This is a submission for the Gemma 4 Challenge: Build with Gemma 4

What I Built

I built RememberMe CareGrid, a local AI dementia-care prototype powered by Gemma 4 E2B running through Ollama.

I built it as a solo participant, from the dashboard and backend to the Android relay, local model pipeline, and demo flow.

The project is built for people living with dementia, Alzheimer's, or memory loss, and for the caregivers who support them every day.

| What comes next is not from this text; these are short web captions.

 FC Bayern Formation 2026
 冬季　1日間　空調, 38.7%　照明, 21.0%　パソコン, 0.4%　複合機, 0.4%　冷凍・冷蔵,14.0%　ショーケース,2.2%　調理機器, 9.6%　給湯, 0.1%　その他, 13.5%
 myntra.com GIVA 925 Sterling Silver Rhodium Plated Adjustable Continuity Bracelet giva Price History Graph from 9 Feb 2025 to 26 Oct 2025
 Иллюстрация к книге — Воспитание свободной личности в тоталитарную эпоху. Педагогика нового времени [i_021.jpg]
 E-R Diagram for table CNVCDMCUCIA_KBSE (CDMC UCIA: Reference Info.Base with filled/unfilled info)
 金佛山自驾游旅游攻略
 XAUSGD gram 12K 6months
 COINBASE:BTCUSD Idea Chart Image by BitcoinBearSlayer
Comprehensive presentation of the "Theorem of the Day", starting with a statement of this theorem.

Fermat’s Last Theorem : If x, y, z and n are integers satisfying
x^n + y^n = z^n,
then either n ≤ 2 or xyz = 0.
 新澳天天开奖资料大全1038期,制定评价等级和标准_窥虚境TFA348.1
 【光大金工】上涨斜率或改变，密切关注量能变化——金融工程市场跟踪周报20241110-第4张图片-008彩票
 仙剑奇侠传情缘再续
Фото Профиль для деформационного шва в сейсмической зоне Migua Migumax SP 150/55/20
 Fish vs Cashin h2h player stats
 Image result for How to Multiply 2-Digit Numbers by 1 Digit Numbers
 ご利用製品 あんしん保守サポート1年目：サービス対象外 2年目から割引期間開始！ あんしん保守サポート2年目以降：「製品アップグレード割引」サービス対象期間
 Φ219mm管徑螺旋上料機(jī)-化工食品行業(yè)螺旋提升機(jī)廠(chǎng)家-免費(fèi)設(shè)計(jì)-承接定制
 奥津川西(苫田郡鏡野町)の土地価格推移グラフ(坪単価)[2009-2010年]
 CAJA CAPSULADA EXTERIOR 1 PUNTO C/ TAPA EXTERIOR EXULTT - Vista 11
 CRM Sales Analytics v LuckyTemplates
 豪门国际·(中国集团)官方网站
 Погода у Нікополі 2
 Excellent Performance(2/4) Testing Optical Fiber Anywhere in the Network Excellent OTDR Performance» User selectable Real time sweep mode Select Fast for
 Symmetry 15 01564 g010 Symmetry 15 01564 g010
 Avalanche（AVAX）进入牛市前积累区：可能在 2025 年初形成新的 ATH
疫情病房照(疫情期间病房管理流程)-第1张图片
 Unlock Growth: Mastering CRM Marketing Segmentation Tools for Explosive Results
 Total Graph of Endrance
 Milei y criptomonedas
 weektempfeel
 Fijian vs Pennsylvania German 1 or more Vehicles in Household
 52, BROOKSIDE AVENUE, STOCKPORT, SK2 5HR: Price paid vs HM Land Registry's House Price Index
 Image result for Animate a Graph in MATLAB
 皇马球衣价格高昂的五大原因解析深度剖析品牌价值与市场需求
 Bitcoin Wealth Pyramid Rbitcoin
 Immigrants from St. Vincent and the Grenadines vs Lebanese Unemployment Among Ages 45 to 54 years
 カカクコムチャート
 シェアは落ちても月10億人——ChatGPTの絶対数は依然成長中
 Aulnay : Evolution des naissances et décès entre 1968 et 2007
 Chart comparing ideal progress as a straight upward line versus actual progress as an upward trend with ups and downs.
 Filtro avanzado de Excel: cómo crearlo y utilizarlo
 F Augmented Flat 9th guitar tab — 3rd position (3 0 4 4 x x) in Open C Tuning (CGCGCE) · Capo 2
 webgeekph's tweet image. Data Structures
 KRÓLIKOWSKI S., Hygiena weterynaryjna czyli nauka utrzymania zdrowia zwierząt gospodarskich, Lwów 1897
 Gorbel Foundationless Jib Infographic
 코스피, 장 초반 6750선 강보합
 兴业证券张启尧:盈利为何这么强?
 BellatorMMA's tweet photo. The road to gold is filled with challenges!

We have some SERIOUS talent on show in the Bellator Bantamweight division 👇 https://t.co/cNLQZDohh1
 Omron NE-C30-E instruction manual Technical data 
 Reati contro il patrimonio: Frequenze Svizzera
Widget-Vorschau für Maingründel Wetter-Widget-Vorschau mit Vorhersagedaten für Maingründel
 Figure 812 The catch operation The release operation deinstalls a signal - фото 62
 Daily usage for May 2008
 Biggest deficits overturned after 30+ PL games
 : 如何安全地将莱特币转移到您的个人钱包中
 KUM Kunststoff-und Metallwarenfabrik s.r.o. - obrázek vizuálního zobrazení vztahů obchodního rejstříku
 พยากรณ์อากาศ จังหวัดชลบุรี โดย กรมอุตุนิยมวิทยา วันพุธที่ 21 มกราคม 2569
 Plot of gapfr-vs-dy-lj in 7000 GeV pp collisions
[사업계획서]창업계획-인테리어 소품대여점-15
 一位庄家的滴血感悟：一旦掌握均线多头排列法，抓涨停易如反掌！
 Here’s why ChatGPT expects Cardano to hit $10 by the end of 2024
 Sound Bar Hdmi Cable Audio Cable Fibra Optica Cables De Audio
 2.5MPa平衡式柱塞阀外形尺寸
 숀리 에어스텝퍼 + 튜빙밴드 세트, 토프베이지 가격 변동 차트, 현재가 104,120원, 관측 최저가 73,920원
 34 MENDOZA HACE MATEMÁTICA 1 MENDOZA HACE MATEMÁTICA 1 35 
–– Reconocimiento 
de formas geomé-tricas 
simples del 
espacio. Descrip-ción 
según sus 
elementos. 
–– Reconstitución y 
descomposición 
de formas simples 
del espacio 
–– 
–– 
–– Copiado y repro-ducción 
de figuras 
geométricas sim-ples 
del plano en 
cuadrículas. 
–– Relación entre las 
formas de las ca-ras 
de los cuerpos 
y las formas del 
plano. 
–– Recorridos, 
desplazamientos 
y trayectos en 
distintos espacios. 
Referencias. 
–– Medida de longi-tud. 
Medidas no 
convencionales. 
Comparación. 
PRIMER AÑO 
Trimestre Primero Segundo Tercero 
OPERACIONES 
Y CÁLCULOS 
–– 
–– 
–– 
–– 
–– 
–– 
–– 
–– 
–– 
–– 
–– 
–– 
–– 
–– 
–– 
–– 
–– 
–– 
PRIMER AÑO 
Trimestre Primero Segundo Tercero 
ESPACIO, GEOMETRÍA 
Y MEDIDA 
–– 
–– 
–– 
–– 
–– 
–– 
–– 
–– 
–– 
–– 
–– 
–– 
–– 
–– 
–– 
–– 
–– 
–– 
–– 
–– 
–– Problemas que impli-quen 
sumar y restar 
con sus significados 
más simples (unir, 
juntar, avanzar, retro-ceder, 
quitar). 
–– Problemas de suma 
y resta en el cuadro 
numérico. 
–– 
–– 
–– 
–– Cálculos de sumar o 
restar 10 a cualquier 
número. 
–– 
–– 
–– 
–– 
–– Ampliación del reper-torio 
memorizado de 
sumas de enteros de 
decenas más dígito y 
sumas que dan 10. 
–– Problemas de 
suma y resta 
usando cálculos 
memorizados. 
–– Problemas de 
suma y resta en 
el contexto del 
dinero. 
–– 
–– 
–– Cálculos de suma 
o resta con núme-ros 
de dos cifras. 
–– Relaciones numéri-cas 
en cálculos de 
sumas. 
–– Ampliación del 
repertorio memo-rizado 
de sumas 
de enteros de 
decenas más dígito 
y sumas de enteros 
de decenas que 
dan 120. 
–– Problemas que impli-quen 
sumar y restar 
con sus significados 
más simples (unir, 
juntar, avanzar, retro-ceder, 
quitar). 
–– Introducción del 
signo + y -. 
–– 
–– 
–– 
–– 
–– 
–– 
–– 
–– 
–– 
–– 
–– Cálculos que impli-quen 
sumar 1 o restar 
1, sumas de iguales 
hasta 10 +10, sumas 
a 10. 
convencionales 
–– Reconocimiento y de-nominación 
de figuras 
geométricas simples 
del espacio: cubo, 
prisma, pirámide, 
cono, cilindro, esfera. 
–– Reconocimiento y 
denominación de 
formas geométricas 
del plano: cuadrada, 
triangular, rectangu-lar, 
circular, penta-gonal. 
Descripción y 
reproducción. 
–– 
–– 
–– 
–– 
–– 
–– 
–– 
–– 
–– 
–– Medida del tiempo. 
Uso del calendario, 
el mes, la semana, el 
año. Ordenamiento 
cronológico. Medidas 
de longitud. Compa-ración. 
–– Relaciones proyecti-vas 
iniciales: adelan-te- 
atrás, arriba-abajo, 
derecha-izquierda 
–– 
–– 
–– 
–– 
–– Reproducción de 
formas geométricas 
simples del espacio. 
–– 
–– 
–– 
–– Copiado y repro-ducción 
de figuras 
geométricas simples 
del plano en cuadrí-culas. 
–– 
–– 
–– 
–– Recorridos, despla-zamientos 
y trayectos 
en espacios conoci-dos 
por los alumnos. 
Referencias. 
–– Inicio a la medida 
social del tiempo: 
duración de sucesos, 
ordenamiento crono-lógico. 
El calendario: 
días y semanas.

The moment I designed for is painfully ordinary: Rajamma steps outside, becomes confused, and cannot remember where she is, why she left, or who is standing in front of her. Her caregiver is not physically beside her. A neighbour may want to help, but should not receive private medical details. Later, a doctor may need a clean timeline, but the caregiver may only remember fragments.

RememberMe CareGrid turns that moment into a coordinated care flow.

It gives the patient calm memory context, helps caregivers understand what happened, and lets trusted community helpers respond with only the information they need.

This is not a diagnosis tool. It is not surveillance. It is a consent-aware memory and safety network.

The working prototype includes:

  • Lumo Companion for patient-facing memory cues
  • Trusted-person enrollment and recall
  • SafePath geofencing for wandering safety
  • SOS escalation with location and risk context
  • CareCircle task coordination for trusted helpers
  • CareLearn training cards generated by Gemma 4
  • Reward wallet gamification for community participation
  • Doctor Brief generation for clinic-ready summaries

The guiding idea is simple:

Help patients remember less alone, and help caregivers care less alone.

Demo

Direct video link: https://youtu.be/Lz3u-ljxhvA

The demo shows the dashboard, Lumo Companion, local Gemma 4 reasoning, SafePath, CareCircle, CareLearn, trusted-person recall, reward wallet, and Doctor Brief generation.

Code

RememberMe CareGrid

AI memory, wandering safety, community care coordination, and Gemma 4-powered dementia training for Indian families.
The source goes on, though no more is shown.